Clarence Thomas Just Told Every Progressive in America That Their Ideology Has an Expiration Date — And He Brought Receipts

Justice Clarence Thomas — 77 years old, 35 years on the Supreme Court, and still the most dangerous man in Washington if you’re a leftist — just walked into the University of Texas at Austin School of Law and told a room full of law students that progressivism and the Declaration of Independence “cannot coexist forever.” He said it calmly. He said it clearly. And he meant every word of it.

Somewhere, a gender studies professor just spilled oat milk all over her laptop. Unbelievable.

Thomas was there to commemorate the 250th anniversary of the Declaration of Independence, and instead of delivering some boring ceremonial speech about unity and healing — the kind of lukewarm mush that every other public figure would have served up — he went straight for the jugular. The core argument? Progressivism holds that your rights come from the government. The Declaration says they come from God. Those two ideas are on a collision course, and Thomas isn’t pretending otherwise.

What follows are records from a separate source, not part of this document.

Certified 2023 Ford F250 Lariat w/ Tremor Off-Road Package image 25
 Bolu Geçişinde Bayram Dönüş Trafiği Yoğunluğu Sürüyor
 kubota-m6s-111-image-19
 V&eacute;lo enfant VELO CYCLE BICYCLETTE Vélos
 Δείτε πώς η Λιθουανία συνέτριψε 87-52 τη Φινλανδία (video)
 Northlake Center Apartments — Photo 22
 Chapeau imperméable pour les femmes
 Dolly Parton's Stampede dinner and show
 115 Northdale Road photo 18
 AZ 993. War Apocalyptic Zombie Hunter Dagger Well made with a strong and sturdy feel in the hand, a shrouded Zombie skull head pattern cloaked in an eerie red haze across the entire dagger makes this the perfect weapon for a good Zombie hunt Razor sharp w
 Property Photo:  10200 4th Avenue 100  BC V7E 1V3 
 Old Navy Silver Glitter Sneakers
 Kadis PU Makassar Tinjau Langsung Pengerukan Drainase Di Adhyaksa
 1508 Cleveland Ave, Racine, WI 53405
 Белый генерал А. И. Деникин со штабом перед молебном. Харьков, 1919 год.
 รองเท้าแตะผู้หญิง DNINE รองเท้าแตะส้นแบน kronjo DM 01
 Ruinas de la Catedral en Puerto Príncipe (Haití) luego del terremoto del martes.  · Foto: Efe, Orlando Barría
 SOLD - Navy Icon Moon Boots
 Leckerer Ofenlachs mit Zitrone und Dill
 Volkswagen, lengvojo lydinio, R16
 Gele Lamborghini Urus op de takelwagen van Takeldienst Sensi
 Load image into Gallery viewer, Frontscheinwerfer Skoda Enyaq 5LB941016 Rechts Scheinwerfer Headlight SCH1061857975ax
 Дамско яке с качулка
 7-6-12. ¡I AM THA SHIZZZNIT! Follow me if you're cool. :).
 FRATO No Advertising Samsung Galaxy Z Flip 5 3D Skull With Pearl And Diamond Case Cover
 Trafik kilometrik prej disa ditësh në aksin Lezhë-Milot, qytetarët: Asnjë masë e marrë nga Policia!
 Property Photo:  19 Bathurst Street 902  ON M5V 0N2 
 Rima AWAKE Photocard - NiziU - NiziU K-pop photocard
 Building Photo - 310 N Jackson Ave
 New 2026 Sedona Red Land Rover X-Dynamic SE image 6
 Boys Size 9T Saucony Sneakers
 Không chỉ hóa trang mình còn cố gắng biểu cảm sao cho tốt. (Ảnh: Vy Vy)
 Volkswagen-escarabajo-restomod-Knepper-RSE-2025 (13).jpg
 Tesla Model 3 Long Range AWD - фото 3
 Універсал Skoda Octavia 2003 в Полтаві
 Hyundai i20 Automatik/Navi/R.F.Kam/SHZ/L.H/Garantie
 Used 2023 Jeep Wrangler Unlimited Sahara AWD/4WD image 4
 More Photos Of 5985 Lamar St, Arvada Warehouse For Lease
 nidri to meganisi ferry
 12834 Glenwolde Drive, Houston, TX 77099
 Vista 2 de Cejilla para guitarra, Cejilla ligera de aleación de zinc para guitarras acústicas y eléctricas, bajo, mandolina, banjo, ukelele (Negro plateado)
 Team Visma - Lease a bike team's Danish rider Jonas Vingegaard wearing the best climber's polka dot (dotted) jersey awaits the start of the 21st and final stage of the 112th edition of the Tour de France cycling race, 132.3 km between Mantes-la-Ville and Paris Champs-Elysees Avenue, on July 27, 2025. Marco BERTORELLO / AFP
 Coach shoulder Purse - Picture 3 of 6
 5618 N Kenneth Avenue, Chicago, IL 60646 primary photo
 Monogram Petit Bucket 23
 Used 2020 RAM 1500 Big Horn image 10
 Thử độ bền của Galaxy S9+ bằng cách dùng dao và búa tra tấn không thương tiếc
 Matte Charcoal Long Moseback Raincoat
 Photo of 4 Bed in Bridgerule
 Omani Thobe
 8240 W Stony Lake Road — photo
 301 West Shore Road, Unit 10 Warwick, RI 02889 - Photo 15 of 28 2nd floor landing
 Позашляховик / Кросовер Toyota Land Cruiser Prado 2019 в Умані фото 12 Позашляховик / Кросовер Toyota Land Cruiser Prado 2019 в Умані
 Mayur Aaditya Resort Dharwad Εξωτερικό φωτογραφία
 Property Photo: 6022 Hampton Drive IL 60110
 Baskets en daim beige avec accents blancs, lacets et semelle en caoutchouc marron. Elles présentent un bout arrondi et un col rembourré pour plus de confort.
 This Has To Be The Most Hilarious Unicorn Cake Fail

“It holds that our rights and our dignities come not from God, but from government,” Thomas said of the progressive worldview. Read that again. That’s not some talk radio host riffing between commercial breaks. That’s the longest-serving member of the United States Supreme Court — the second-longest-serving justice in the entire history of the Court — laying it out in plain English at one of the most prestigious law schools in the country.

And then he went full history professor on them.

Thomas traced progressivism back to its “most prominent advocate” — President Woodrow Wilson. Yeah, THAT Woodrow Wilson. The one who resegregated the federal government, screened a KKK propaganda film in the White House, and described the American people as “selfish, ignorant, timid, stubborn and foolish.” Wilson complained that Americans did “too much by vote and too little by expert rule” and openly admired Germany’s “docile and acquiescent” people.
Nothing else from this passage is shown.